Tony Scott arriva, apre le finestre e fa entrare i suoi fasci di luce, portando un nuovo punto di vista, e gli intenti sono chiari perché i Bauhaus cantano già sui titoli di testa che Bela Lugosi è morto, è ora di cambiare e Scott il tamarro, Scott il fratello di quell’altro, ma anche lo Scott giusto, ha l’intuizione di rendere i vampiri alla moda, non più vecchi conti in tetre magioni, ma creature della notte glamour, stilosi come Rockstar, tanto che uno di loro una Rockstar lo è per davvero.

Può sembrare poco, ma non lo è, perché “Miriam si sveglia a mezzanotte” cambia lo scenario per sempre e modifica l’iconografia dei vampiri in modo radicale, segnando la strada da seguire per tanti che dopo Tony Scott lo faranno.

«Ma non doveva essere volante questa bara? Sta scritto anche lassù perché non vola!»

Il vampiro vicino di casa dal fascino animalesco da sciupafemmine di “Ammazzavampiri” (1985), “Vamp” (1986) che si gioca un’altra icona di stile come David Bowie, ovvero la cantante Grace Jones. Joel Schumacher nel 1987 declina la lezione di Tony Scott in chiave giovanile e i vampiri di Ragazzi Perduti sembrano delle star del Rock e quella malinconia del tempo che passa inesorabile, dell’amore tra vampiri – mai chiamati così – e gli umani che da loro dipendono viene mescolato al mito della frontiera da Kathryn Bigelow nel 1987 con Il buio si avvicina.

Ma tutto è iniziato con Tony, lo Scott giusto, che dopo il flop al botteghino del suo film d’esordio, troppo strambo e forse troppo avanti per il suo pubblico, tornerà a dirigere videoclip e spot televisivi per due anni, ma occhio, perché la rivincita era dietro l’angolo e sarebbe stato anche piuttosto clamorosa, ci vediamo qui la settimana prossima per il nuovo capitolo della rubrica, Ray-Ban a specchio e giubbotto di pelle saranno d’ordinanza. Ma prima, vi lascio con lo schemino che conto di utilizzare alla fine di tutti i capitoli della rubrica, per portarvi tutti dal lato giusto della “Scottitudine”. Intanto non perdetevi la locandina d’epoca sulla pagine di IPMP!

Miriam si sveglia a mezzanotte (1983), se lo avesse diretto Ridley?

Sarebbe più facile per tanti riconoscere l’enorme contributo del film all’iconografia dei vampiri al cinema, ma lo ha diretto Tony, quindi è solo una roba con dei vampiri e David Bowie.

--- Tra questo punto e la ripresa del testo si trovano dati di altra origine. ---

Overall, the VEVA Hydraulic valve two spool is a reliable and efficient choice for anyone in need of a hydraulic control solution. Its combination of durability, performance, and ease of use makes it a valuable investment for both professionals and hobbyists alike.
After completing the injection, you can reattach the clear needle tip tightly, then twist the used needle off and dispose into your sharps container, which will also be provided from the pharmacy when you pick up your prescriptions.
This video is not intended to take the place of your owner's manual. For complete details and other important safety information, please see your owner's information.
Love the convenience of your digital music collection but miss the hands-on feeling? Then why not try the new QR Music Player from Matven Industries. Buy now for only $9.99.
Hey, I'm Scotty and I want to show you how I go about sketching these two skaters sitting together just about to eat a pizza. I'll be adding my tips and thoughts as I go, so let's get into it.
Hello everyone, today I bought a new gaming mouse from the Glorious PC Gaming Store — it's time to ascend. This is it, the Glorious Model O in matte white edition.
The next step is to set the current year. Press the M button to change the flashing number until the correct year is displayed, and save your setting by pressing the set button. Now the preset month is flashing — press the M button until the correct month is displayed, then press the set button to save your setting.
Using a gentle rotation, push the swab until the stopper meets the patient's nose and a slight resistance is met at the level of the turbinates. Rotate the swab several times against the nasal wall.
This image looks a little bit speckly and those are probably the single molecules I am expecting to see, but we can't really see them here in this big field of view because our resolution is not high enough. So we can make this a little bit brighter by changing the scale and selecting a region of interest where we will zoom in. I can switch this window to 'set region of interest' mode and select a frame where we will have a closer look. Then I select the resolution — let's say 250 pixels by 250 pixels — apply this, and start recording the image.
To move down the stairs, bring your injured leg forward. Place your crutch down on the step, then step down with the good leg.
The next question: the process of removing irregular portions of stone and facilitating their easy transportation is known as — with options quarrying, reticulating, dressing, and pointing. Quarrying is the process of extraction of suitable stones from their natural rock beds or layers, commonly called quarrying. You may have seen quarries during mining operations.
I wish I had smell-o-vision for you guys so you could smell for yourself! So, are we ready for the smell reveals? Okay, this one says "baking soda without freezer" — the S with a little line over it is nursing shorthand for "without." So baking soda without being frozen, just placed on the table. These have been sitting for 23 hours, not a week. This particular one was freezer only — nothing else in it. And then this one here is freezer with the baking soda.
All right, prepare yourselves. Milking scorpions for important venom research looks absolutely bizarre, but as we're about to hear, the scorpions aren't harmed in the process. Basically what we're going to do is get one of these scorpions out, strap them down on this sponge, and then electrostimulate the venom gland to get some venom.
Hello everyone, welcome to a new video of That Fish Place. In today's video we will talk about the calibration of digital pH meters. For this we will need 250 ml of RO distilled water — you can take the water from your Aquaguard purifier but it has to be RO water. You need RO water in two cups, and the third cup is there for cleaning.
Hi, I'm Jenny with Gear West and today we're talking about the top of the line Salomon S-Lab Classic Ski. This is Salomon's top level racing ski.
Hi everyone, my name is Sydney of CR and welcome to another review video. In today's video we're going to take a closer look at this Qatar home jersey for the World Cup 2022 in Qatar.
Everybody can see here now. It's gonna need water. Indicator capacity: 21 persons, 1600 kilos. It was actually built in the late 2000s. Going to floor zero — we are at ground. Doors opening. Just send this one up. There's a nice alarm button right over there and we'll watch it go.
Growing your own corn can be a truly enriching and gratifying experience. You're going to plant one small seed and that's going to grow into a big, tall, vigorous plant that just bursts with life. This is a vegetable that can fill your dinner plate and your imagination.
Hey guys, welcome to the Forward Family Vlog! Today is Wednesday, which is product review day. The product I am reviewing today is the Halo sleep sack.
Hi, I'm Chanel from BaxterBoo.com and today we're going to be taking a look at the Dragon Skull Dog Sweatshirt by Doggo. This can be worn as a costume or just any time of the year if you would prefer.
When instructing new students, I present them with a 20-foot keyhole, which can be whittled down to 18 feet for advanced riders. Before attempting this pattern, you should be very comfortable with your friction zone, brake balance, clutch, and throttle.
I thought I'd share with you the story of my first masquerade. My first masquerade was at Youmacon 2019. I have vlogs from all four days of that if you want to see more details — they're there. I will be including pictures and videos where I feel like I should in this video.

Nel paragone diretto, resta comunque molto meglio di: The Counselor – Il procuratore (2013)

A parità di cast di “Bello bello in modo assurdo”, Michael Fassbender, Brad Pitt, Cameron Diaz, Penélope Cruz e Javier Bardem, non allacciano nemmeno le scarpe al trio Deneuve, Bowie, Sarandon. Inoltre, le parti noiose del film di Ridley lo rendono una palla mortale, quelle di Tony invece consistono in momenti Sexy da E.N.E. (Epistassi Nasale Esplosiva).

Risultato parziale dopo il primo Round:

Il tarlo del dubbio sta iniziando a logorare la vostra mentre, vi ripeterò il mantra fino allo sfinimento: Tony, lo Scott giusto, Tony, lo Scott giusto. Tony. Lo. Scott. Giusto!